Does eating chicken soup really help with a cold?
Yes! We’ve already established how much bone broth can benefit your immunity—and long-cooked chicken soup like this one is just a soup version of bone broth. This particular soup is also packed with healing herbs that give you a dose of medicine in a tasty soup:
- Astragalus: Boosts the immune system and increases energy levels. Astragalus is particularly good for boosting immune systems that are “run down” from overwork or stress (ain’t that all of us?).
- Ginger: Soothes body aches and settles tummy troubles. Also works to boost the immune system.
- Goji berries: Helps relieve eye strain and related headaches—especially from staring at screens or work too long.

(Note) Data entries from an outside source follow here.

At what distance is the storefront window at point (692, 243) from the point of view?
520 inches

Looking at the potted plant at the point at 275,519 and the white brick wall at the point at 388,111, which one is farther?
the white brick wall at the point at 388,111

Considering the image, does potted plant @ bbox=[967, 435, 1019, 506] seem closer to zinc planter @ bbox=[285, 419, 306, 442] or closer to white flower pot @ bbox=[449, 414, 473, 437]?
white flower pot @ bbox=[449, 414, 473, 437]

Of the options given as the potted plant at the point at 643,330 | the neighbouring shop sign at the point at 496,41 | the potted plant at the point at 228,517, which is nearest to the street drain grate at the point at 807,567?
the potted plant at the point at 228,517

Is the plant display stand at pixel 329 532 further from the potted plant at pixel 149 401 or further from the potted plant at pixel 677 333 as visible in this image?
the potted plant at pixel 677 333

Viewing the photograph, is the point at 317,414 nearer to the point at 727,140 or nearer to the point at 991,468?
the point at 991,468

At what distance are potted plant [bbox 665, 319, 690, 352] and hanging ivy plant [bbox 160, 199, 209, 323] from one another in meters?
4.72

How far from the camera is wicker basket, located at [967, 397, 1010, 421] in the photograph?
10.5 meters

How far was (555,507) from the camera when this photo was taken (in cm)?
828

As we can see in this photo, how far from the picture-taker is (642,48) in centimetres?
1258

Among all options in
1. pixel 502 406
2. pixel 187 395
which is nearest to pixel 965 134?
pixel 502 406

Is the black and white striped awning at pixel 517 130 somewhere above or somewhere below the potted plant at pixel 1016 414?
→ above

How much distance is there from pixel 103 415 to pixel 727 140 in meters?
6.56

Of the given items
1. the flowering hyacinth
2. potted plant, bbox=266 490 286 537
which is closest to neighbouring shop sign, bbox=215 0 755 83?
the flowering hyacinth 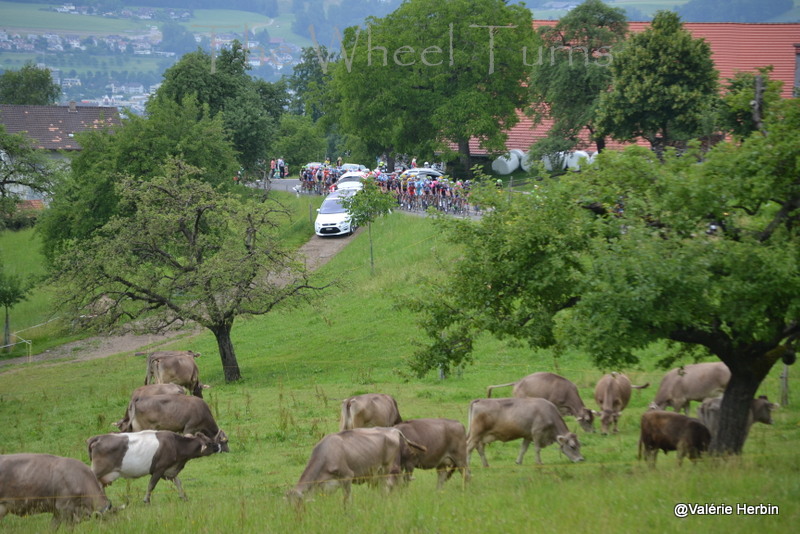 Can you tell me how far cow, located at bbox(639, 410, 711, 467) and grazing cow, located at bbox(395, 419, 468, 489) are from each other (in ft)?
10.2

- Garlic: An all-natural antimicrobial, garlic is a powerful weapon to have whenever you’re fighting off a virus.
What kind of chicken do you use for chicken soup?
The most flavorful chicken soup comes from using a whole chicken, and long-simmering the bones and meat to extract as much flavor and nutrition as you can. Here, I recommend purchasing a whole chicken, then cutting it up (using this method). I also recommend reserving the breasts for adding back into the soup later—chicken breasts tend to get incredibly dry when cooked for a long period of time. The soup has a much more pleasant taste and texture if you cook it using the rest of the chicken, and then cook and chop the breasts and add that meat back in at the end of cooking.

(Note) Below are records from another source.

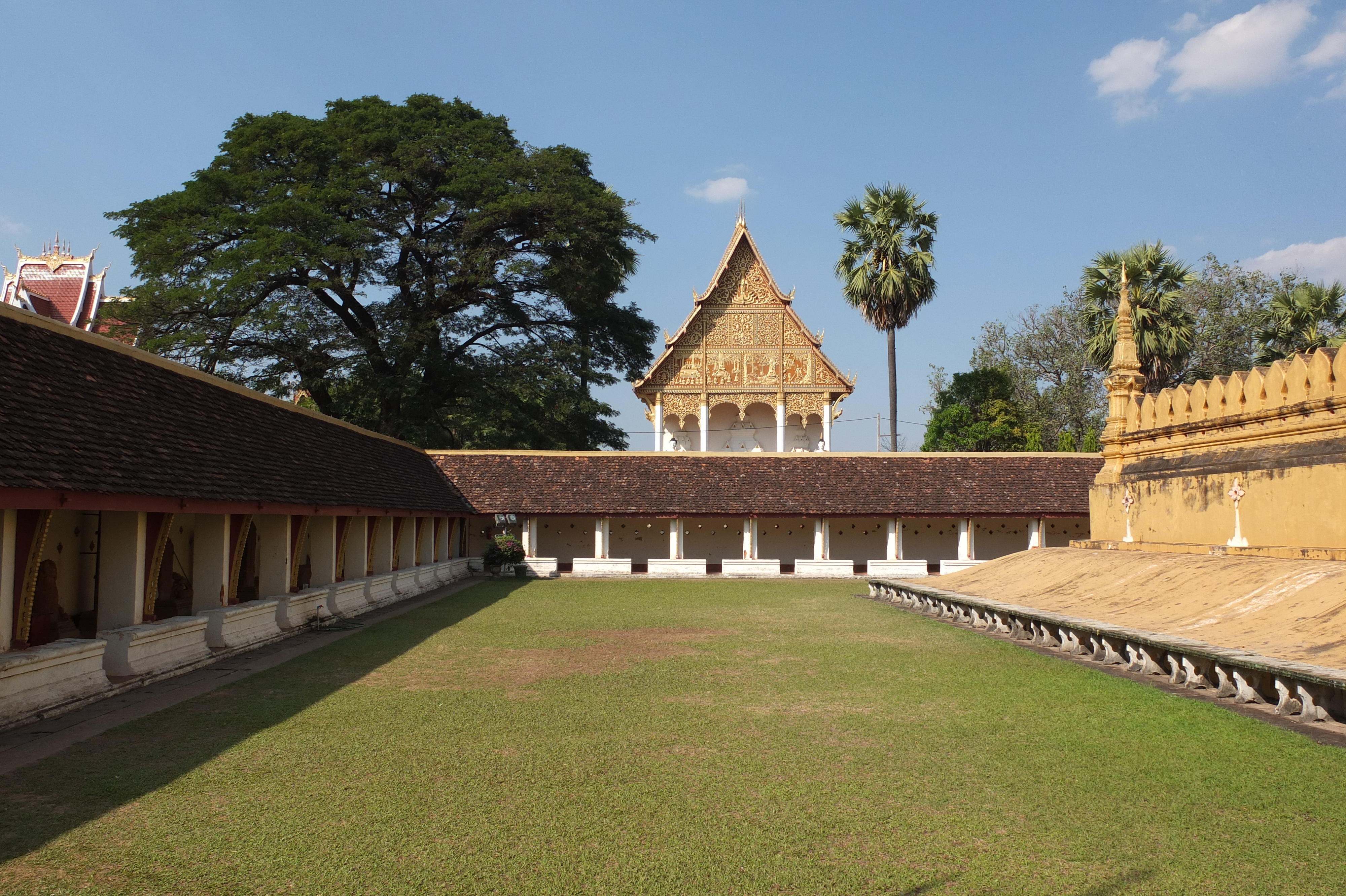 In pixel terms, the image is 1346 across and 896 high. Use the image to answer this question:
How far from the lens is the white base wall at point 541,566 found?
24688mm

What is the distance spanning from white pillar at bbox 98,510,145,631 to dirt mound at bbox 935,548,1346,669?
35.5ft

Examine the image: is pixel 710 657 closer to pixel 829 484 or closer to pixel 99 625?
pixel 99 625

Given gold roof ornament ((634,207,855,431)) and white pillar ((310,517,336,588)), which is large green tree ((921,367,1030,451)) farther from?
white pillar ((310,517,336,588))

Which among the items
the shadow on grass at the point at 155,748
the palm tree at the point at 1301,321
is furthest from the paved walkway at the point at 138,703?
the palm tree at the point at 1301,321

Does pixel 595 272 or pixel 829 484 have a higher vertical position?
pixel 595 272

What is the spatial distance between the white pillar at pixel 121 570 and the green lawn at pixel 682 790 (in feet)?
5.27

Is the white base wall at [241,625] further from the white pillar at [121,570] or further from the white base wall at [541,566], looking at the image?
the white base wall at [541,566]

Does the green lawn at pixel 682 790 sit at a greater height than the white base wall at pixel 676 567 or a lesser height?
lesser

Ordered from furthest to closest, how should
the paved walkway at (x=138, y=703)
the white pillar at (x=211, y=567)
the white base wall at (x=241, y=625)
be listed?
the white pillar at (x=211, y=567), the white base wall at (x=241, y=625), the paved walkway at (x=138, y=703)

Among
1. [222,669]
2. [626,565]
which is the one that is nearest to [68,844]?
[222,669]

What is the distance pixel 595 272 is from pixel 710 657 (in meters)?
22.3

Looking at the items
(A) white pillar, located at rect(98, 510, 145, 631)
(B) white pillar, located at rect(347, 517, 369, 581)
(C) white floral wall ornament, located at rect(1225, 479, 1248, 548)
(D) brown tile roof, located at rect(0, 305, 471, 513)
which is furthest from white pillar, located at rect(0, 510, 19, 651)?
(C) white floral wall ornament, located at rect(1225, 479, 1248, 548)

Can you use a frozen chicken for this chicken soup?
You sure can! That’s one of the joys of the Instant Pot—being able to cook meat from frozen. The instructions do get altered slightly. But no worries, we’ve included how to cook the soup using a frozen whole chicken in the printable recipe below.
What setting do I use for soup on the Instant Pot?
Since we’re trying to mimic the day-long simmering of traditional soup on the stove, I prefer to use the “Soup” setting on my Instant Pot set to “Low Pressure.” If your electric pressure cooker doesn’t have a “Soup” setting, just do the “Manual” setting and set it to “Low Pressure,” and you’ll be in business.
Should you check in with a healthcare professional before enjoying this soup?
Since this soup contains all food-based ingredients in food dosages, it’s generally regarded as safe to enjoy. However, if you have any questions, specific health concerns, or are on any medications, it’s worth checking in with a trained TCM practitioner or herbalist in your area if you plan to consume this soup regularly in large amounts.